YOUR OBJECTIVE = From the line that contains "Fashion Week Paris" through the closing line of the entries, write out each line exactly; pictures stay out.

Records from a data source
# # # # # # #

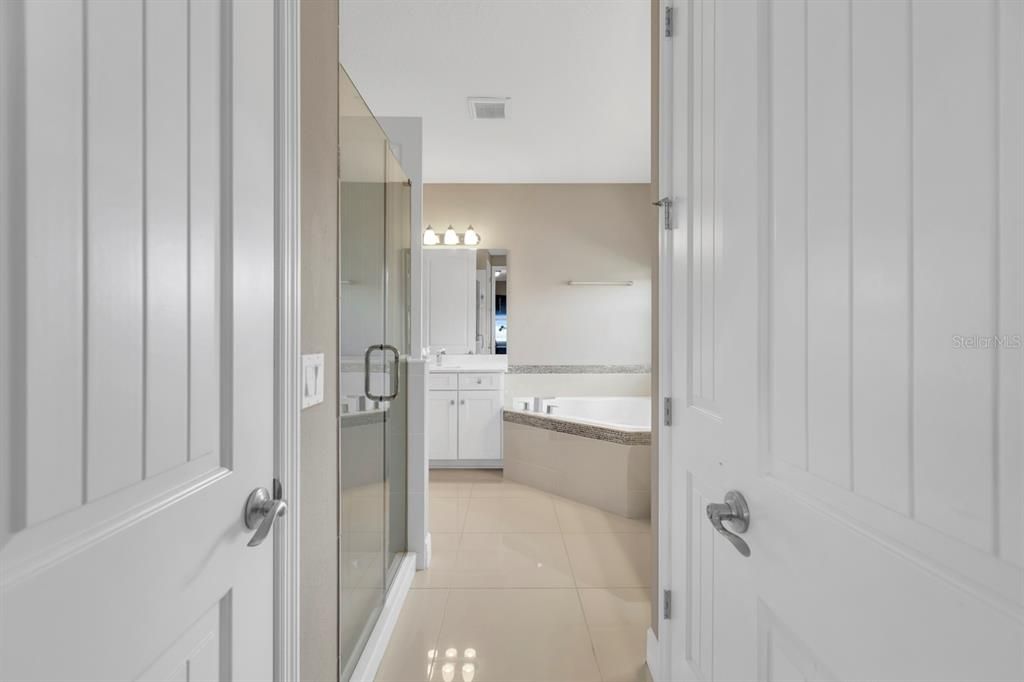 En Venta: $980,000 (6 camas, 5 baños, 4694 Pies cuadrados)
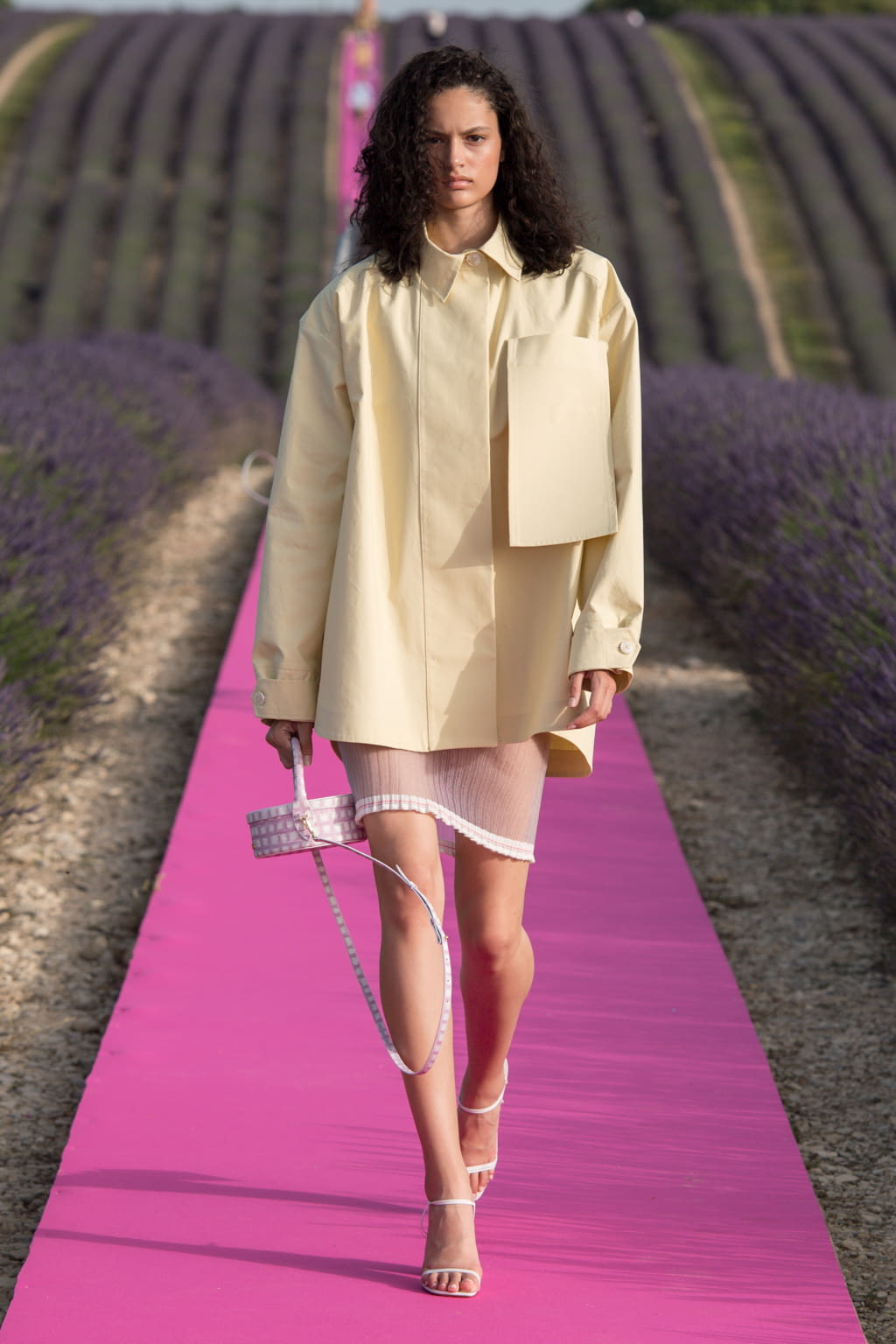 Fashion Week Paris Spring/Summer 2020 look 44 from the Jacquemus collection 女装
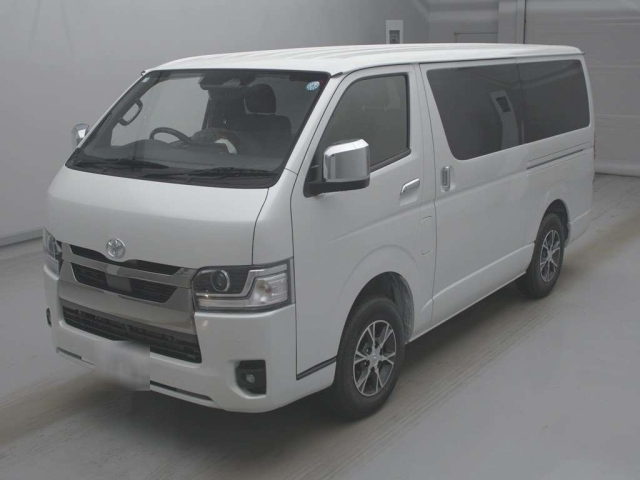 TOYOTA HIACE — фото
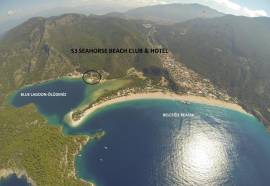 S3 Seahorse Beach Club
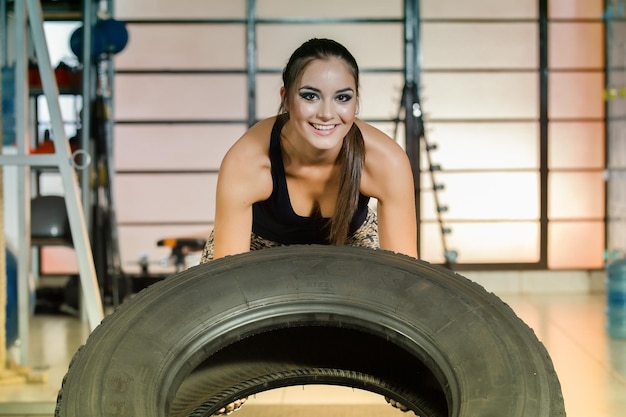 Foto ragazza in palestra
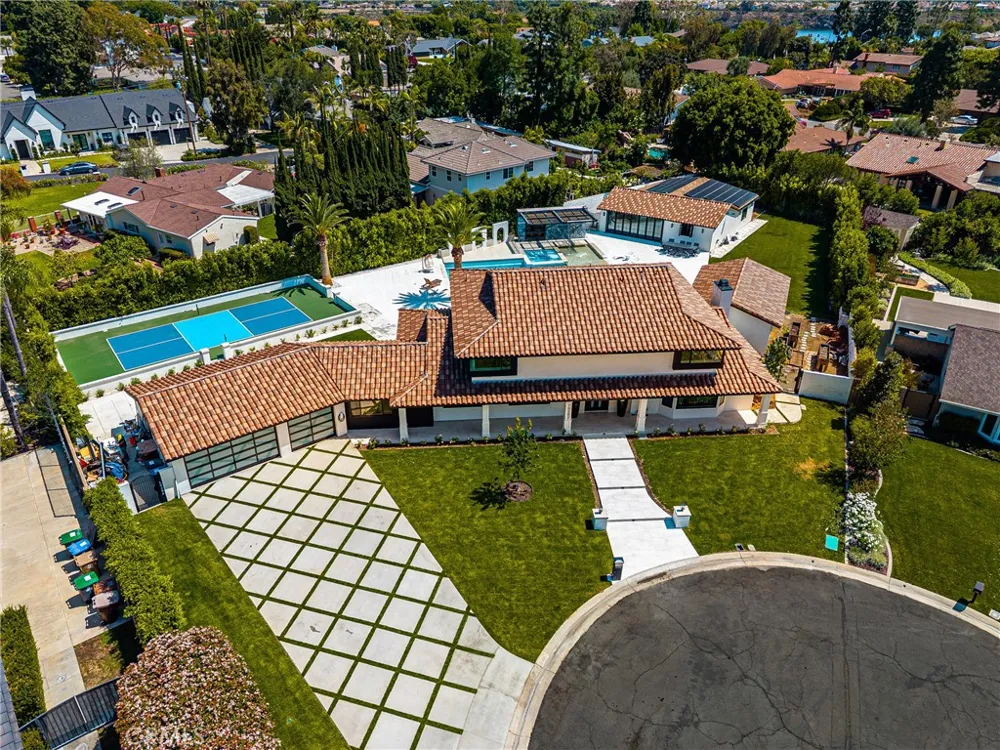 10282 OLD LAMPLIGHTER LANE Villa Park, CA 92861
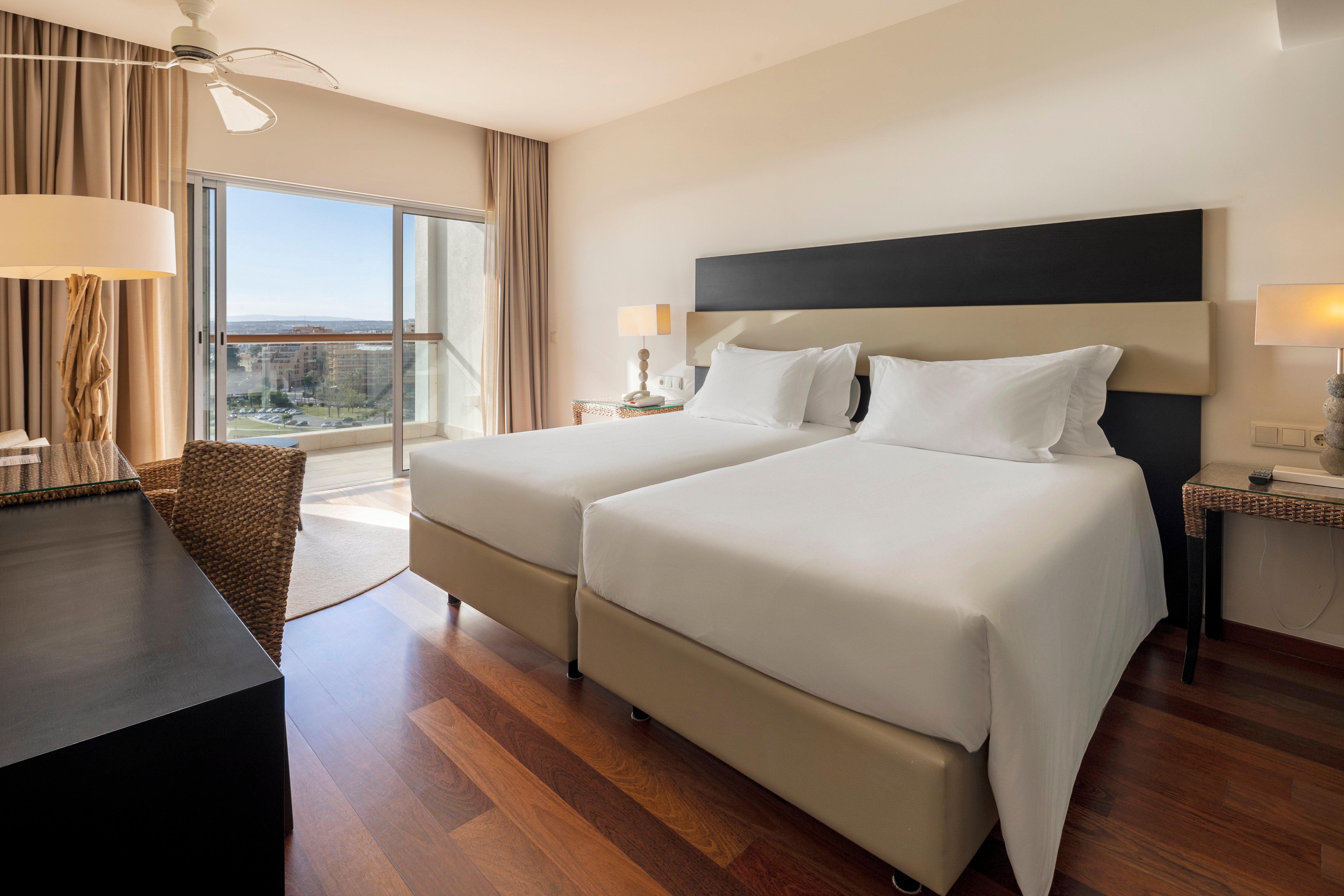Crowne Plaza Vilamoura - Algarve By Ihg Luaran gambar A room at the hotel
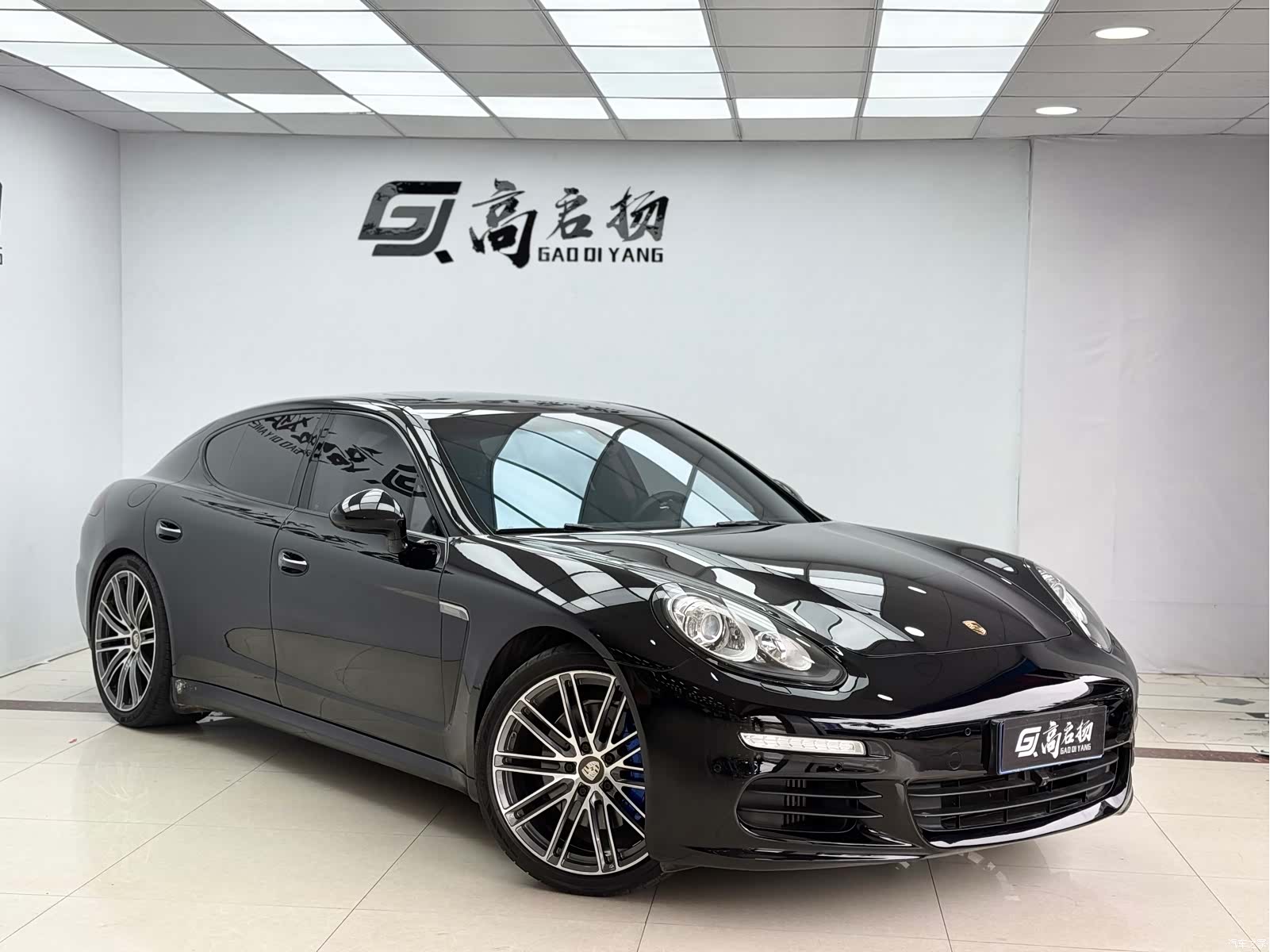 Porsche Panamera, 2016 3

# # # # # # #

OUTPUT FOR THIS TASK =
 Fashion Week Paris Spring/Summer 2020 look 44 from the Jacquemus collection 女装
 TOYOTA HIACE — фото
 S3 Seahorse Beach Club
 Foto ragazza in palestra
 10282 OLD LAMPLIGHTER LANE Villa Park, CA 92861
Crowne Plaza Vilamoura - Algarve By Ihg Luaran gambar A room at the hotel
 Porsche Panamera, 2016 3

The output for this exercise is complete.